La crise démocratique vient de s’aggraver – Chronique 183

Avr 15, 2023 | Res Publica

 

Une décision de justice est faite pour apaiser. Celle rendue par les neuf membres du Conseil constitutionnel ravive l’incendie social. Le choix qu’ils ont publié le 14 avril serait respectable si ces personnalités présentaient les garanties d’indépendance et d’impartialité qu’on attend de tout juge. Or les “juges de la loi” nommés en fin de carrière politique par le président de la République ou par le président de l’une des deux assemblées sont les produits d’un système de complaisances et de connivences qui fait planer un doute sérieux sur la manière dont ils conçoivent leur éminente mission. Ce doute est renforcé par la longue liste des décisions rendues dans le respect et pour la défense du néolibéralisme. Cette défense de l’ordre établi est devenue évidente depuis la décision qui vient d’être rendue.

En refusant de censurer un texte imposé à la suite d’un détournement manifeste de procédure, le Conseil constitutionnel a porté un coup violent au régime parlementaire puisque désormais tout gouvernement pourra faire passer de grandes réformes sociales en utilisant l’article 47.1 qui permet de limiter à vingt jours le débat à l’Assemblée nationale et à cinquante jours l’ensemble du débat parlementaire. Pire : le Conseil constitutionnel a accepté qu’une loi qui n’a pas été votée par l’Assemblée nationale puisse être présentée au Sénat.

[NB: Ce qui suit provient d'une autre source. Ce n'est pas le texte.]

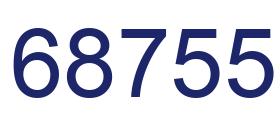 Number 68755 blue image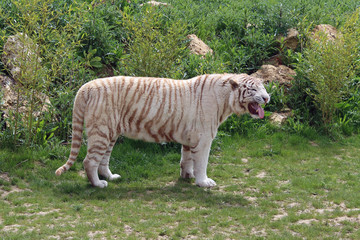 Fototapeta na wymiar Parc des félins, tigre blanc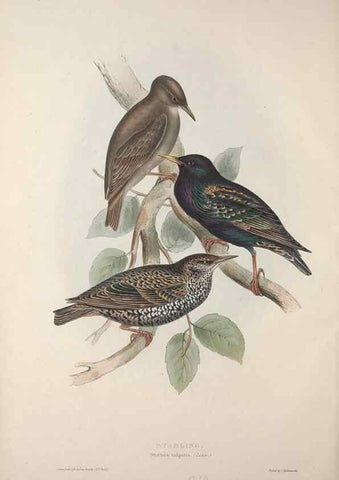 Reproducción/Reproduction 31836116727: The birds of Europe.. London,Printed by R. and J.E. Taylor, pub. by the author,1837.. 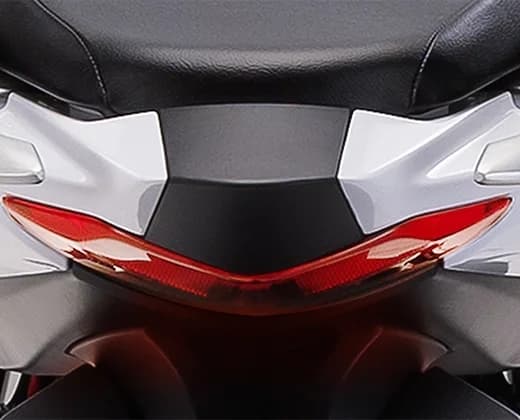Tail Light & Rear Turn Indicators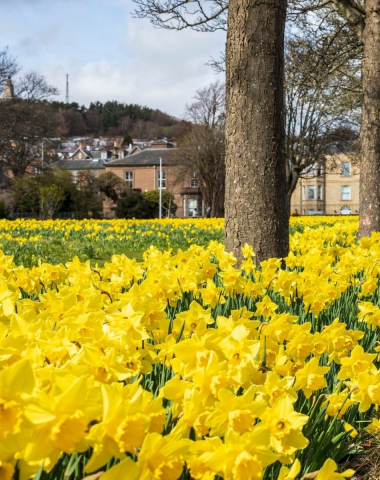 Daffodils in Dudhope Park
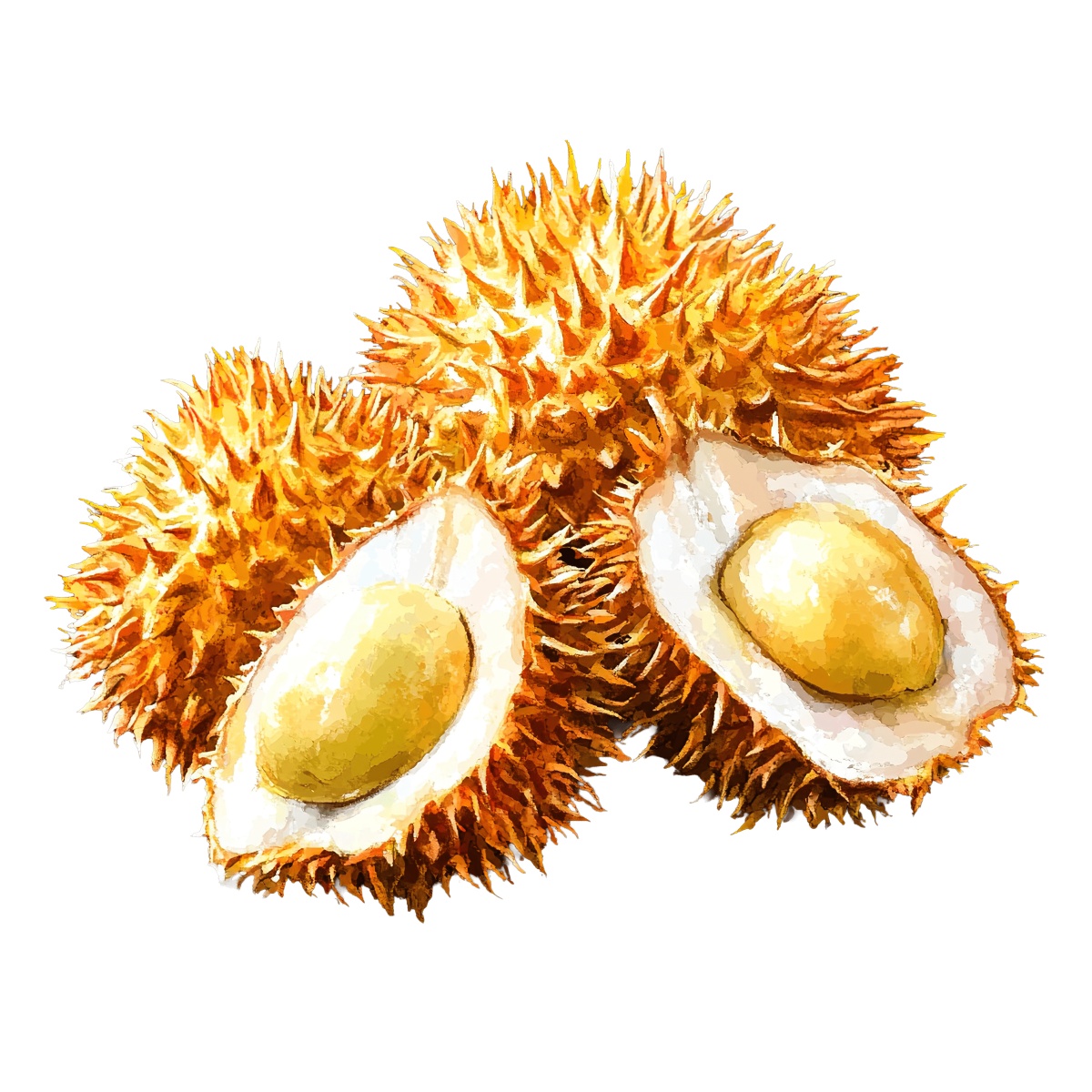 Spiky durian fruit with opened sections showing seeds inside.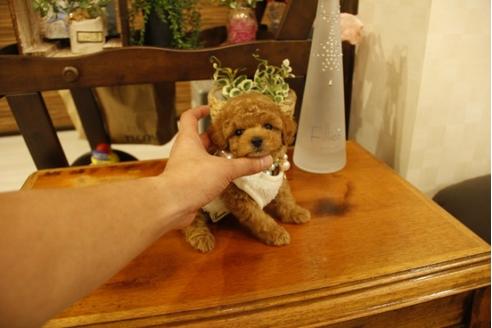 成約済の埼玉県のトイプードル-23827の3枚目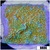 Blueberry Fields Montipora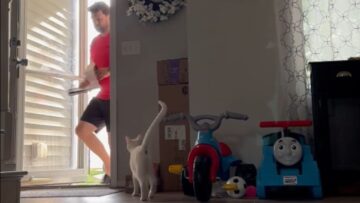quotWatch-This-Wifes-Epic-Prank-Fail-on-Husband-Try-Not.jpg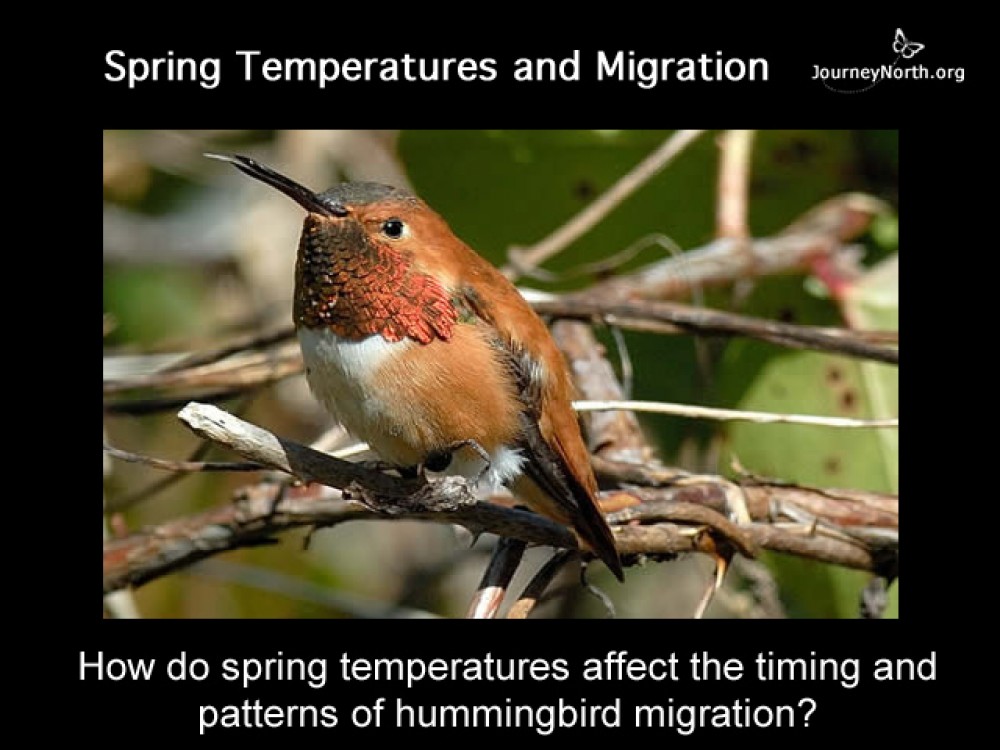 Journal Rufous Migration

Le Conseil constitutionnel aurait pu éviter d’accélérer la dérive oligarchique de nos institutions en ouvrant la possibilité d’un référendum d’initiative partagée et en créant, par voie de conséquence, les conditions d’un apaisement immédiat. Il a choisi de rejeter cette voie offerte par la Constitution en prenant le risque de nouvelles explosions violentes. Les membres du Conseil constitutionnel y perdront leur réputation usurpée de sagesse. Ce qui était une institution de la Ve République sera de plus en plus considéré comme un organe de la gouvernance oligarchique. De plus en plus clairement, les Français constateront que le contrôle de constitutionnalité n’a cessé d’être pratiqué dans l’oubli constant de la référence à la République sociale inscrite à l’article premier de notre Constitution et dans le mépris du Préambule de 1946 qui fait partie du bloc de constitutionnalité, tel que le Conseil constitutionnel l’a lui-même défini. La crise démocratique s’en trouve dramatiquement aggravée.

Les prétendus “sages” de la rue de Montpensier se sont délibérément rangés derrière Emmanuel Macron, qui déclarait au matin du 14 avril qu’il ne lâcherait rien et qui a décidé dans la soirée que la loi serait promulguée dans les 48 heures. C’est vouloir que l’intersyndicale subisse une défaite, et qu’elle soit humiliante. C’est vouloir que les classes moyennes et populaires fassent enfin preuve de la résignation sur laquelle l’Elysée avait parié l’hiver dernier.

Durcir la guerre de classes quand on est en position de faiblesse est un jeu dangereux. Nous ne sommes pas en mai 1968. Le parti de l’ordre réduit à la bourgeoisie rentière est incapable de se mobiliser sur les Champs-Elysées et il n’y a pas plus de président légitime que de système partisan clairement structuré.